Von Sabine Brandes
Der Klassenausflug in diesem Jahr wird kein leichter sein. In wenigen Tagen macht sich die 11a des landwirtschaftlichen Gymnasiums in Pardes Channa auf nach Polen. Für jede 11. Klasse in Israel steht der Besuch von Auschwitz fest auf dem Lehrplan. Die Mädchen und Jungs werden auch am
9. November dort sein – der Nacht, die in Deutschland der Anfang vom Ende war.
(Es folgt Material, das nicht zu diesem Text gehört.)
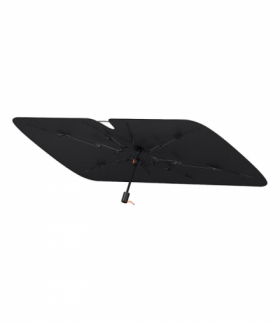 Baseus Parasol przeciwsłoneczny CoolRide Series Windshield Sunshade Umbrella Cluster Black TFO BRA014065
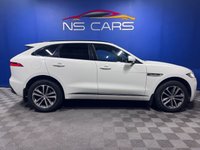 USED 2018 18 JAGUAR F-PACE 2.0 D180 R-Sport SUV 5dr Diesel Auto AWD Euro 6 (s/s) (180 ps) Full service history Low tax Low insurance cost Air con Electric windows SunroofStop start feature 12 months MOT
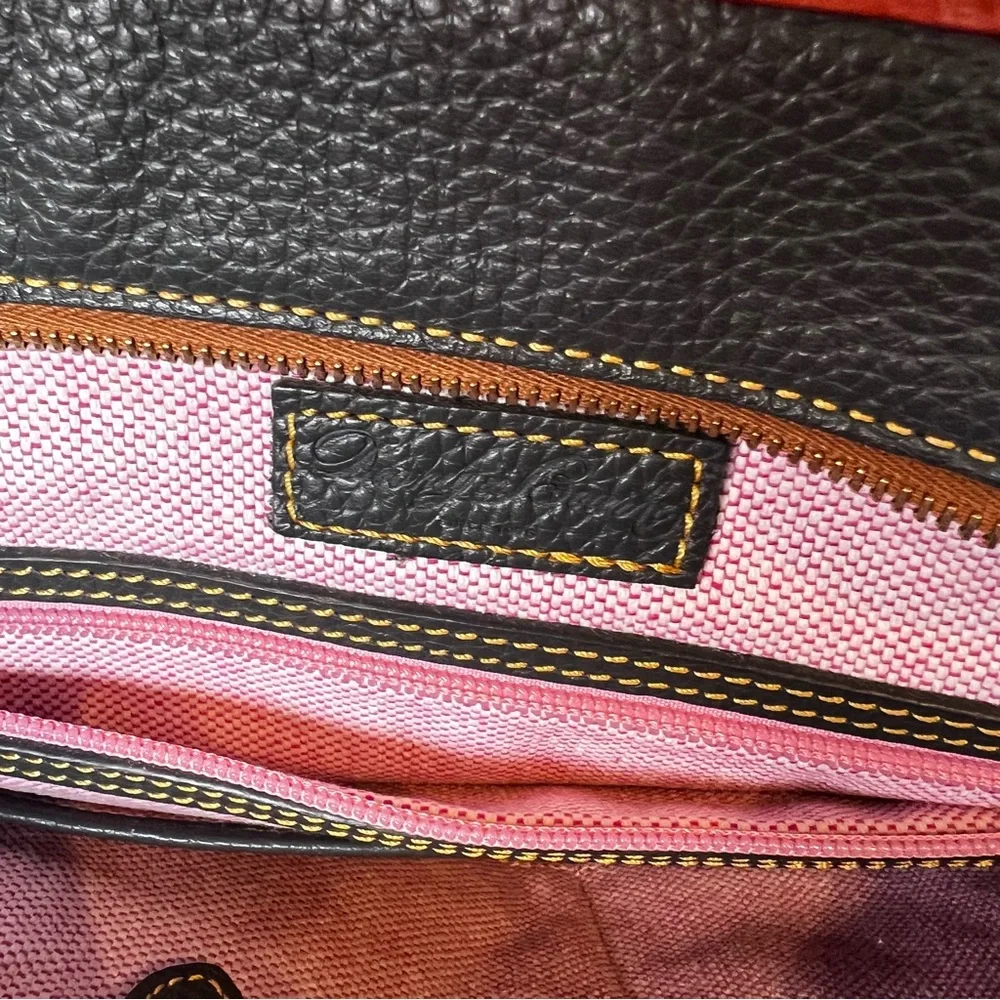 Dooney & Bourke Pebble Grain Small Charleston Shopper Tote - Picture 13 of 16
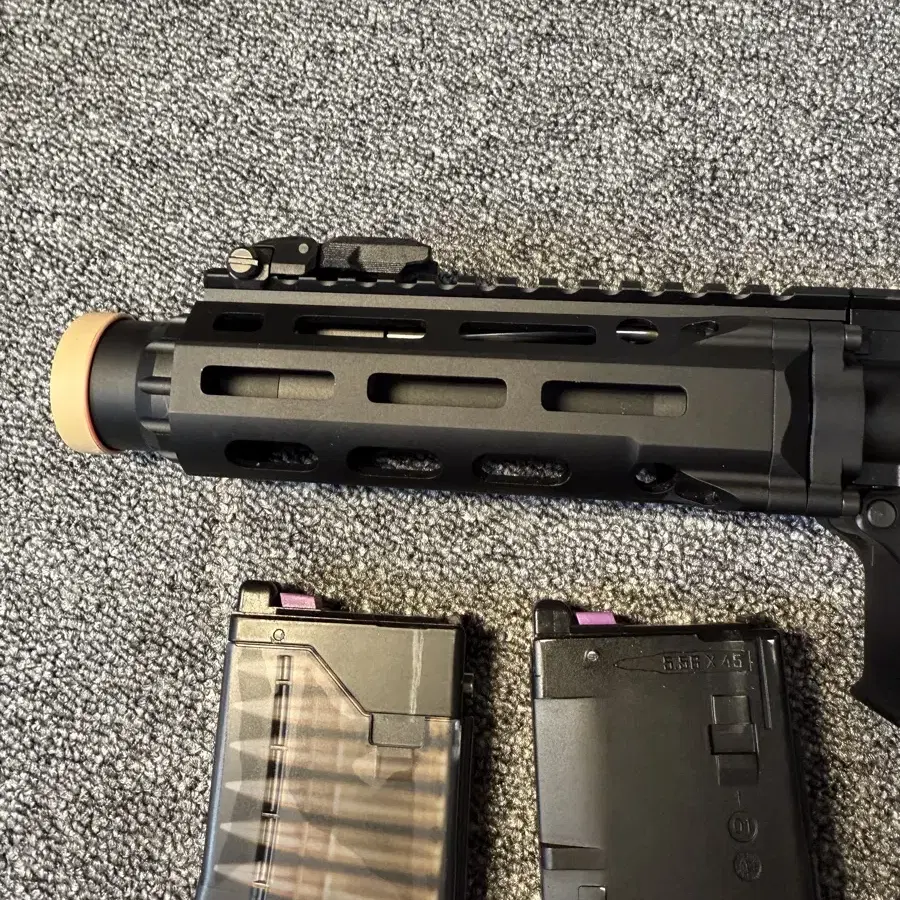 EMG DDM4 PDW gbbr 가스 라이플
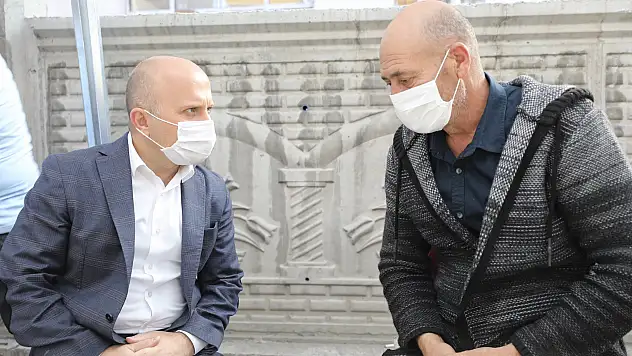 Vali Varol, Şehit Harun Aslan'ın ailesine taziye ziyaretinde bulundu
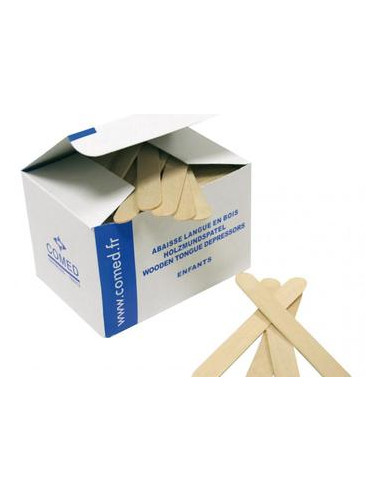 Abaisse langue enfant bois Comed (250)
Geschichtslehrer Halel Hadari geht vor der Fahrt mit seiner Klasse noch einmal die historisch bedeutendsten Daten durch. »Was geschah am 9. November?«, fragt er in die Runde. Nicht ein Finger geht hoch. Hadari fügt das Jahr hinzu: 1938? Die ersten Schüler beginnen zu raten, doch richtig liegt niemand. Erst, als der Lehrer anmerkt, dass es sich um »Lail Ha’Bdolach« handelt, wissen die 16- bis 17-Jährigen, worum es geht: die Pogromnacht vor 70 Jahren. Den politisch korrekten Terminus aber benutzt hier kaum jemand. Die Schreckensnacht ist bei der Mehrzahl der Israelis lediglich be-
kannt unter der euphemistischen Bezeichnung der Nazis, »Kristallnacht«.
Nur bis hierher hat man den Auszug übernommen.